━━━ EXTRACTED ENTRIES

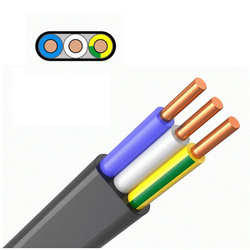 Кабель ВВГ-Пнг(А)-LSLTx 3х2.5 Рускабельсбыт ГОСТ 100м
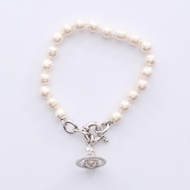 【二手】 Vivienne Westwood ALEKSA 6102023V/02P543 銀色不鏽鋼手鍊 女士 全新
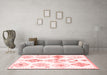 Modern Red Washable Rugs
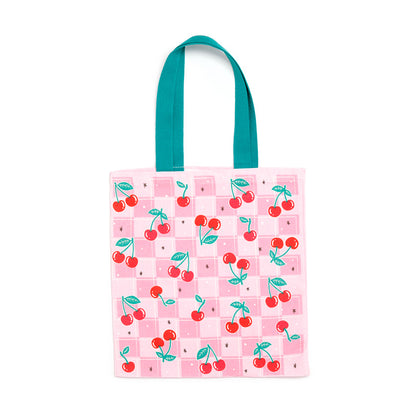 Close-up of Cherry Tote Shopping Bag design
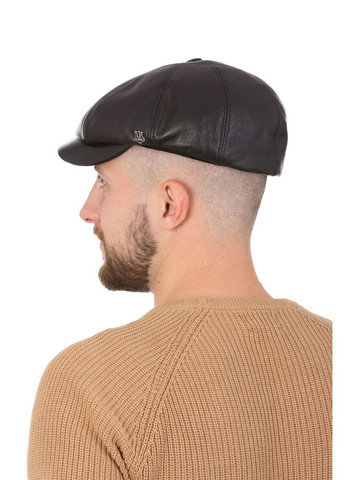 Кепка чоловіча шкіряна восьмиклинка (SC45602) Shlyapka (295922570)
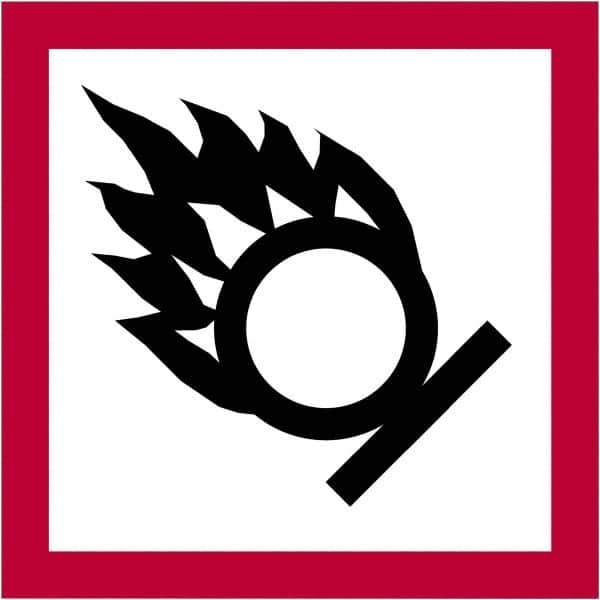 Tape Logic - 2" Long, Red, Black on White Paper D.O.T. Labels - For Multi-Use - Exact Tool & Supply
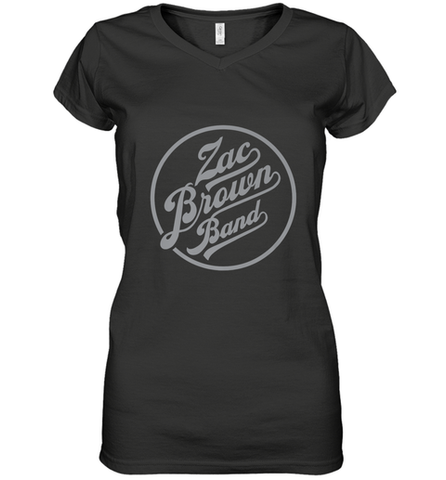 Zac Brown Band  Original ZBB Logo Women's V-Neck T-Shirt Women's V-Neck T-Shirt / Black / S Women's V-Neck T-Shirt - skytshirtshop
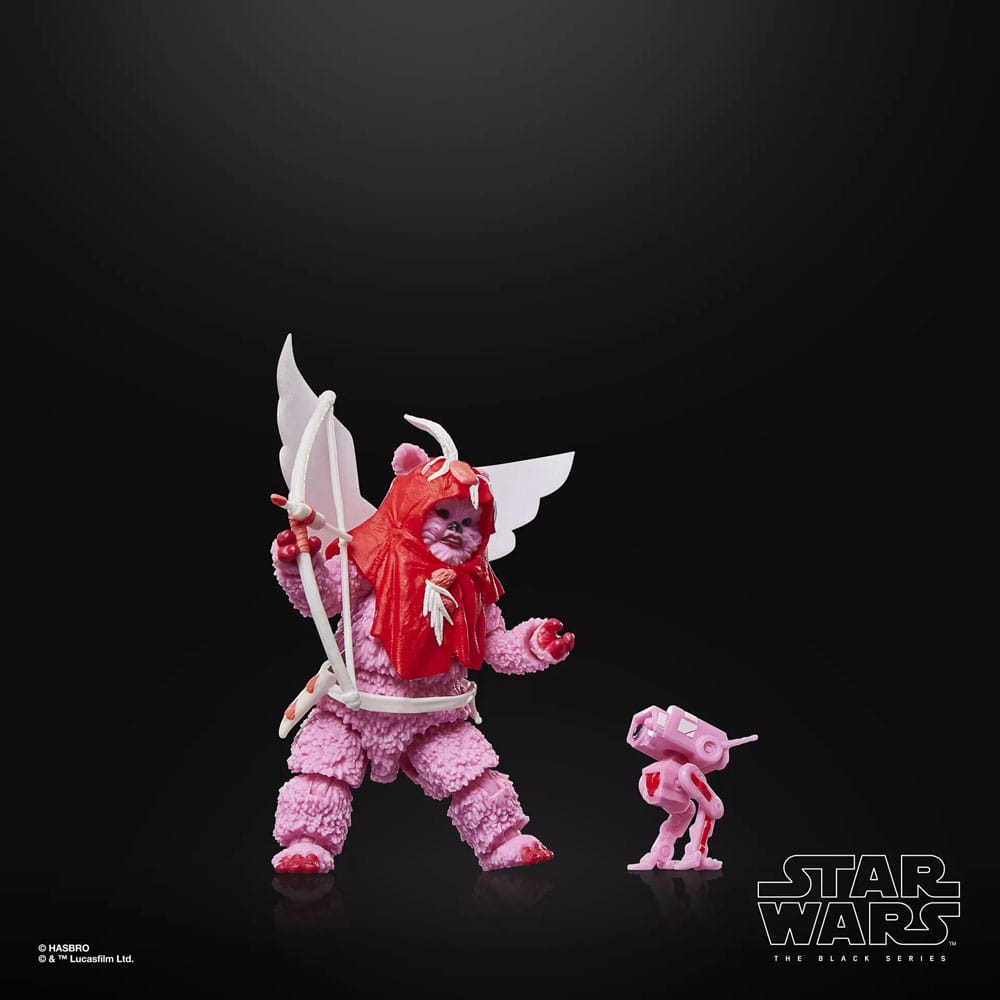 Star Wars Black Series Action Figure Ewok Valentine’s Day Edition Hasbro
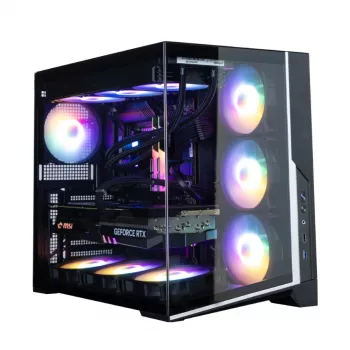 Zalman D40F, ATX Mid Tower PC skříň, 7 x 120mm FRGB ventilátory, černá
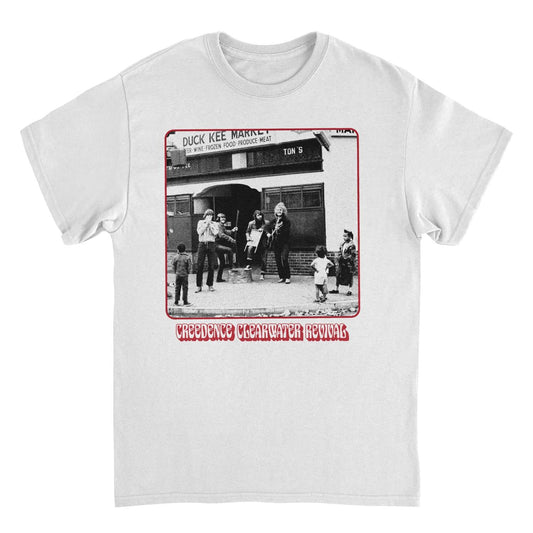 Creedence Clearwater Revival CCR Market Band Photo White Mens T Shirt
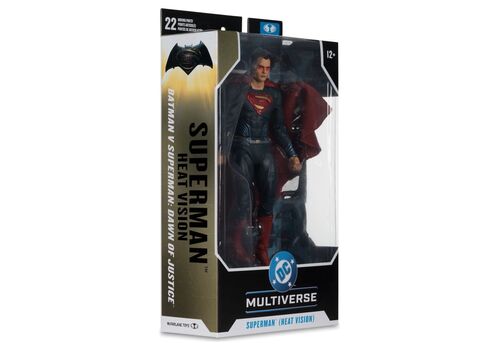 Figurka DC Multiverse (Batman v Superman: Dawn of Justice) - Superman (Heat Vision)- Zdjęcie 8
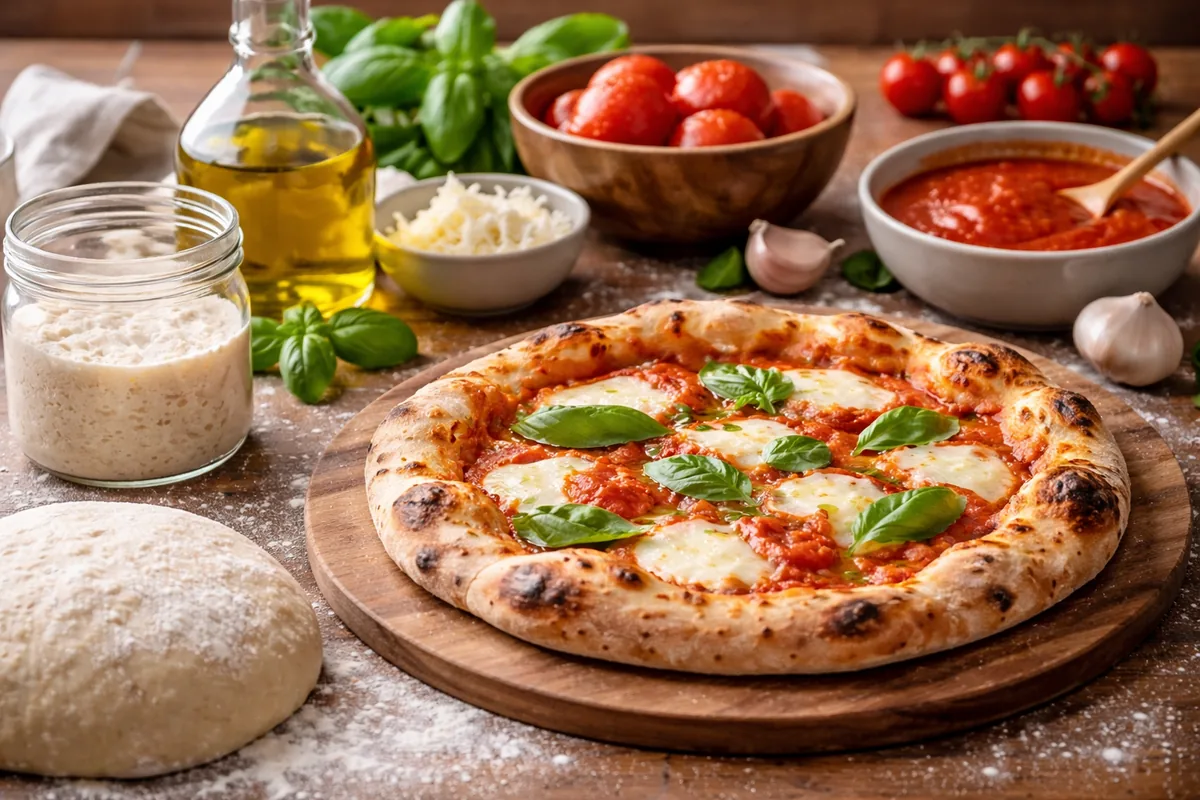 Comment préparer une pizza maison avec des techniques de fermentation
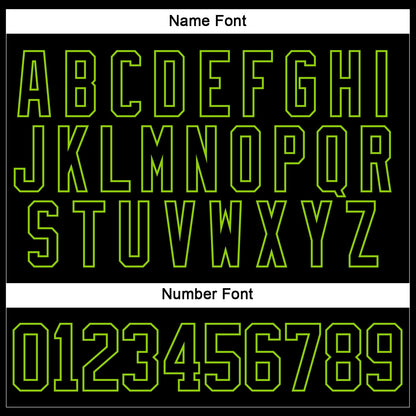 Custom Black Neon Green Hockey Jersey - Sky-Custom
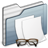 Documents Folder Graphite Icon 48x48 png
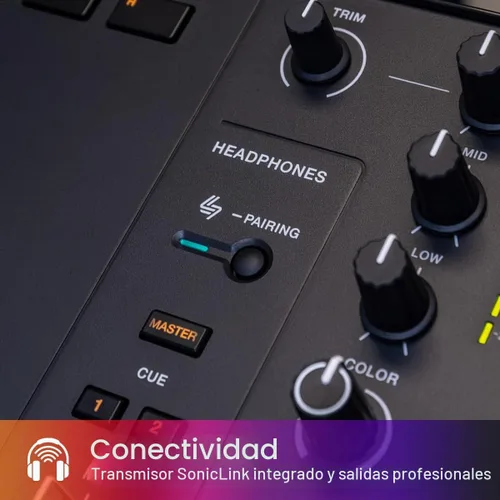 Vista 10 de AlphaTheta XDJ-AN 2-Channel All-in-One DJ System, Touchscreen, Wi-Fi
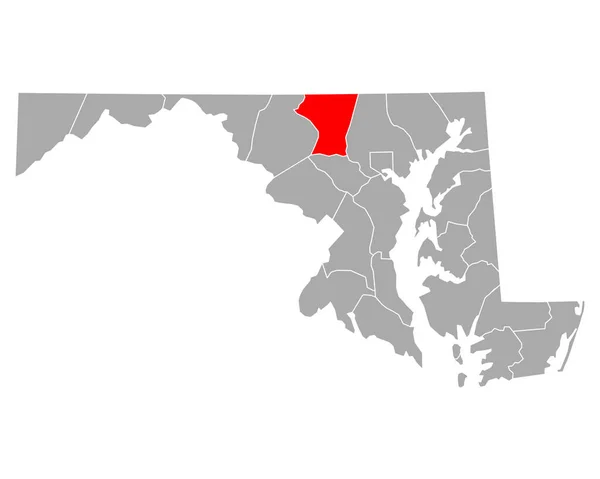 Mapa Carroçaria Maryland — Vetor de Stock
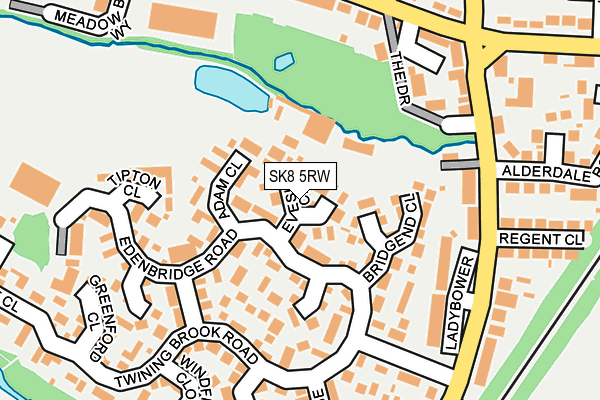 SK8 5RW map - OS OpenMap – Local (Ordnance Survey)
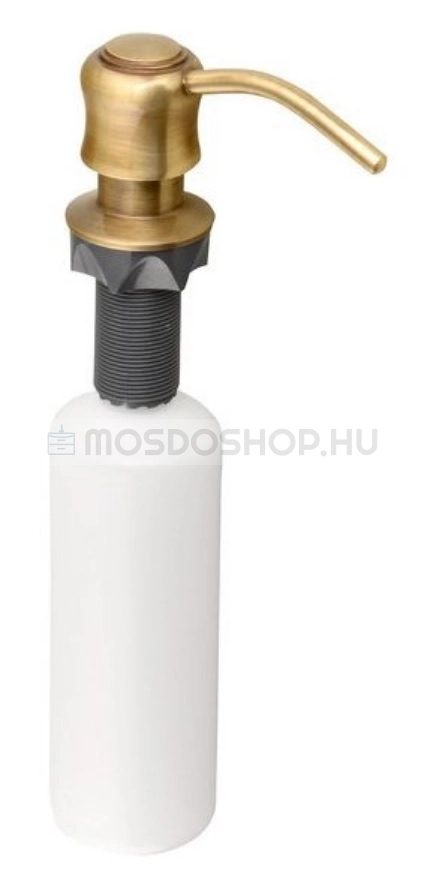 SAPHO Beépíthető szappanadagoló - Pultba építhető, 350 ml - Bronz színű adagolópumpával (SP004)
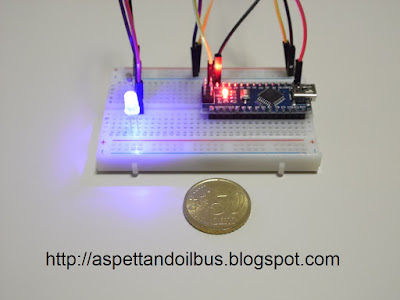 Fig. 9 - Il modulo Arduino Nano in funzione - foto di Paolo Luongo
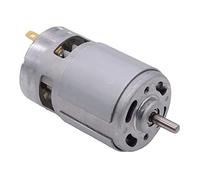 Torque Power 775 Moteur à courant continu Moteur de distributeur automatique 12-24 V Double roulement à billes Moteur à courant continu à couple élevé Outils électriques Moteur, moteur de machine de d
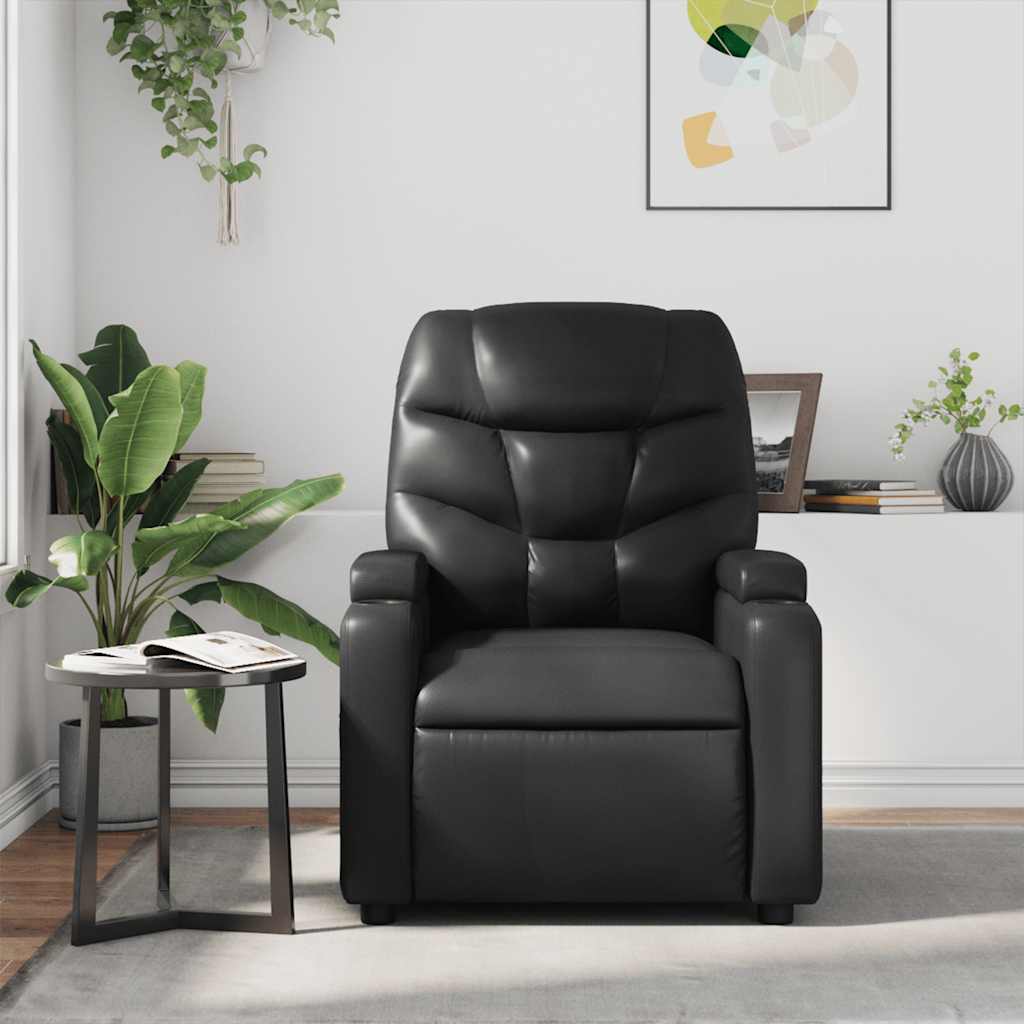Fauteuil de massage inclinable Noir Similicuir - XIOS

━━━━━━

* INSTRUCTIONS FOR THE TASK *
Starting with the line that has "Modern Red Washable Rugs" and going on through the line that has "Zalman D40F, ATX", transcribe the records above exactly, but skip the pictures.

* FINAL ANSWER *
 Modern Red Washable Rugs
 Close-up of Cherry Tote Shopping Bag design
 Кепка чоловіча шкіряна восьмиклинка (SC45602) Shlyapka (295922570)
 Tape Logic - 2" Long, Red, Black on White Paper D.O.T. Labels - For Multi-Use - Exact Tool & Supply
 Zac Brown Band  Original ZBB Logo Women's V-Neck T-Shirt Women's V-Neck T-Shirt / Black / S Women's V-Neck T-Shirt - skytshirtshop
 Star Wars Black Series Action Figure Ewok Valentine’s Day Edition Hasbro
 Zalman D40F, ATX Mid Tower PC skříň, 7 x 120mm FRGB ventilátory, černá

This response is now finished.